Georges Duboeuf Beaujolais Nouveau
This winemaking family began by producing wines in the nearby Maconnais region for over four centuries. Georges officially established the Georges Duboeuf label in Beaujolais in 1954 and went on to become a household name nearly synonymous with Beaujolais.
Henry Fessy Beaujolais-Villages Nouveau
A property owned and represented by the Louis Latour domaine of Burgundy, Henri Fessy is most known for its production of high-quality Cru and Villages level wines, making the bones of this nouveau style simply stunning.
Joseph Drouhin Beaujolais Nouveau
The product of the classic Burgundy producer Joseph Drouhin based in Beaune, these grapes are sustainably farmed using biodynamic and biological principles. The winery sources grapes from seven of the ten Crus, giving this wine structure and nuance.
Mommessin Beaujolais Nouveau
This winery embraces the cheerful, market-driven history that made Beaujolais nouveau the cult sensation sought for around the world. The Beaujolais nouveau labels are as fresh, cheeky, and light-hearted as the wine in the bottle making it a hit at parties and holiday gatherings.
Paul Durdilly Beaujolais Nouveau
This father-son team is a rarity in Beaujolais as they source only from vineyard sites that they own, making this Beaujolais nouveau an estate production. The vineyards are sustainably farmed and are located at one of the highest altitude areas of Beaujolais, giving these wines nuance, complexity, and minerality alongside the juicy, almost effervescent profile.
Exploring Other Beaujolais
Beaujolais nouveau represents the earliest and youngest style of wine produced in the Beaujolais subregion of Burgundy, but the wine produces several other styles and quality levels for those interested in experiencing the nuance of the Gamay grape.
Beaujolais-Villages may be produced from any one or several of the ten named Beaujolais communes called “Crus.” Each Cru is named for the major town representing the region and the vineyard area. This style offers an overall profile of the entire region, but sees more oak aging and bottle-aging before release, giving drinkers a more in-depth look at traditionally-produced and released Beaujolais.
Cru Beaujolais is produced from any one of the ten Cru regions of Beaujolais, but unlike the Beaujolais-villages, it may not be blended with any grapes or wine from another Cru.

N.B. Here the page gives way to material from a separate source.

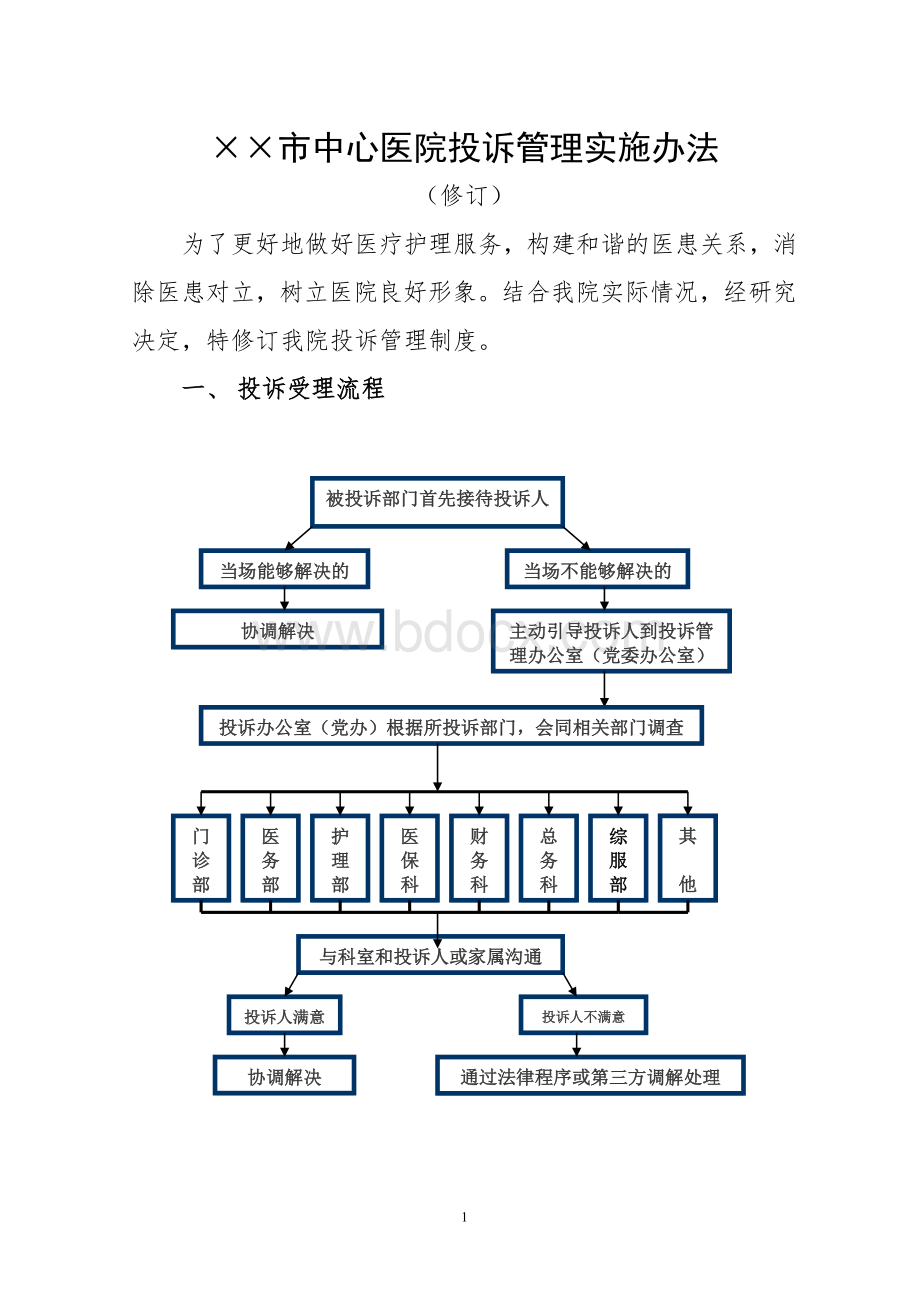 患者投诉处理管理规定Word格式文档下载.doc_第1页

As such, the names most often seen on the labels for Cru Beaujolais are the names of the Crus themselves. These communes listed from north to south are: Sant-Amour, Juliénas, Chenas, Moulin-À-Vent, Fleurie, Chiroubles, Morgon, Régnié, Brouilly, and Côte-de-Brouilly. Each Cru has its own distinct terroir and flavor profile showcasing the several different personalities of the Gamay grape.